ASOCIACIÓN HISTÓRICO CULTURAL GENERAL REDING
Por Manolo Ozáez, Secretario de la Asociación
Se hizo costumbre entre los Regimientos de la Artillería
Española de principios del siglo XIX esquilmar los denominados “botines de
guerra”, en aquellas poblaciones de la península, que habían
confraternizado con el enemigo galo. De las crónicas de la época destacamos
algunas anécdotas acaecidas al Regimiento de Artillería número Tres, con sede
en Sevilla, que participara en la contienda de la Batalla de Baylen de
1.808. A modo de ejemplo nos narran los
faroles que se anexionaron de la villa de Fuengirola, escondidos entre los
abrigos que los artilleros usaron por aquellas tierras, o los símbolos y
bombetas de los cuarteles donde se alojaran los regimientos franceses.
Más curiosos fueron las enseñas y banderas que colgaban de
los edificios de Móstoles tras el paso del Rey Fernando VII por la ciudad, y
que a la noche siguiente de la comitiva, los mostoleños descolgaron -algunas
desde alturas inverosímiles- para conservarlos como recuerdos efímeros. Aunque
les costó conseguir algunas de dichas enseñas, tras más de un año de
intentarlo, se consiguieron dos estupendas banderas policromadas, realizadas al
efecto. O los cuadros de Cristo crucificado, de la zona de la Maragatería, en
León. Otros, más osados, desnudaron a algunos campesinos y hacendados, en las
proximidades de Zocueca, en represalia por sus maneras y modos afrancesados,
haciéndose como botín de sobrero de ala ancha, redecillas para el pelo, camisa,
chaquetilla, pantalones, fajín e inclusive zapatos, que aún hoy conservan en el
ropero de sus aposentos, para su uso cotidiano, incluso cedido a propios y
extraños.
Cartelería del Consistorio de Ocaña, monedas de curso legal
en Camuñas, con el rostro del Francisquete, un partisano que se enfrentó al
todopoderoso ejército francés, en represalia por la muerte de su hermano; o
ducados y maravedíes que obtuvieron por los alrededores de la villa de Baylen.

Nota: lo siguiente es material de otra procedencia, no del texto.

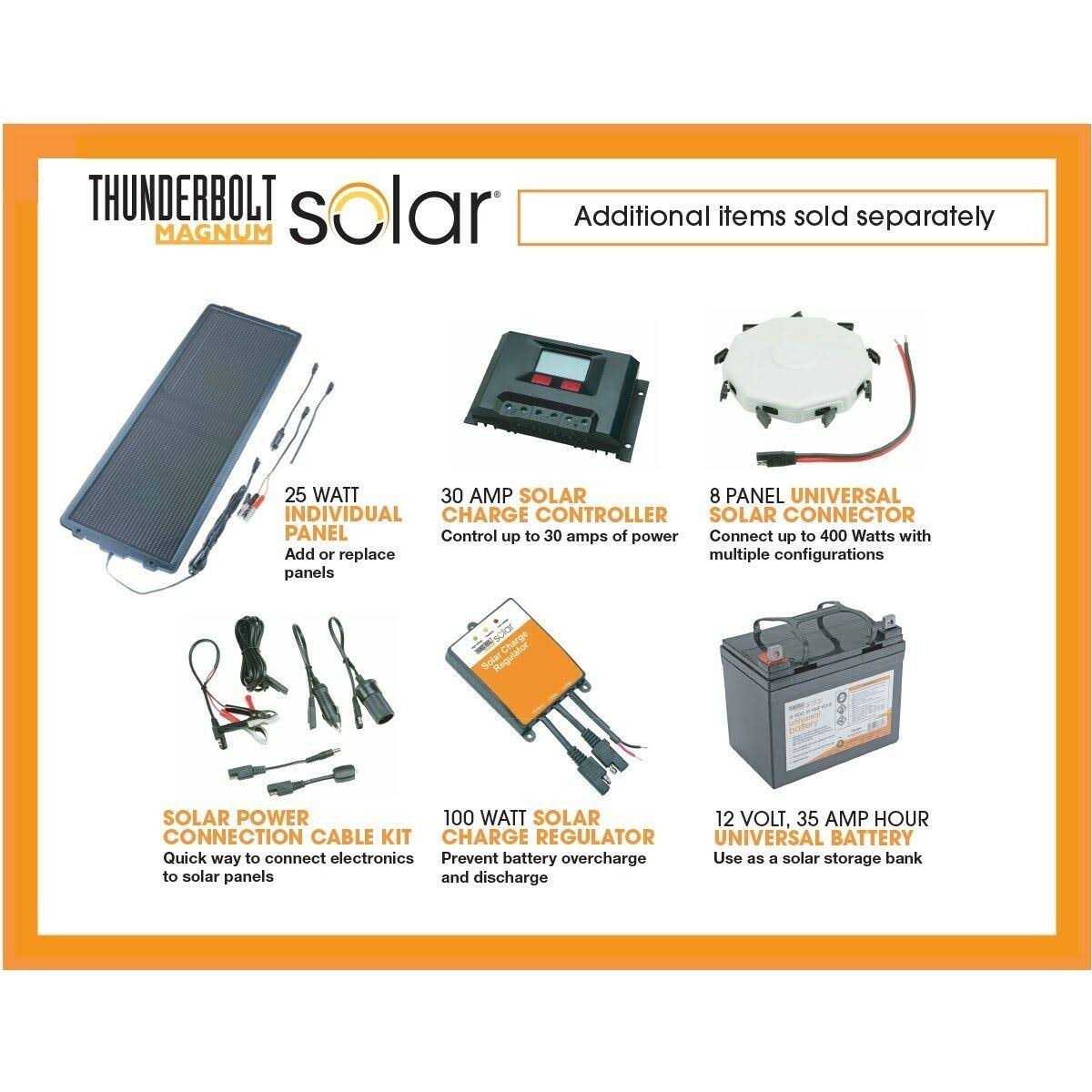 Thunderbolt Solar Thunderbolt 100 Watt DIY Solar Panel Kit For RV - Image 5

Algunos dicen que prestados de los casi quinientos desaparecidos carros que las
tropas de Dupont transportaban por estas tierras, de su saqueo de Córdoba y
otras villas andaluzas. La que más recuerdan, como primera que fue, los
letreros y carteles que se exhibían en las calles de Almansa, y que algún
artillero desaprensivo desmochó de los árboles y farolas de los que prendían.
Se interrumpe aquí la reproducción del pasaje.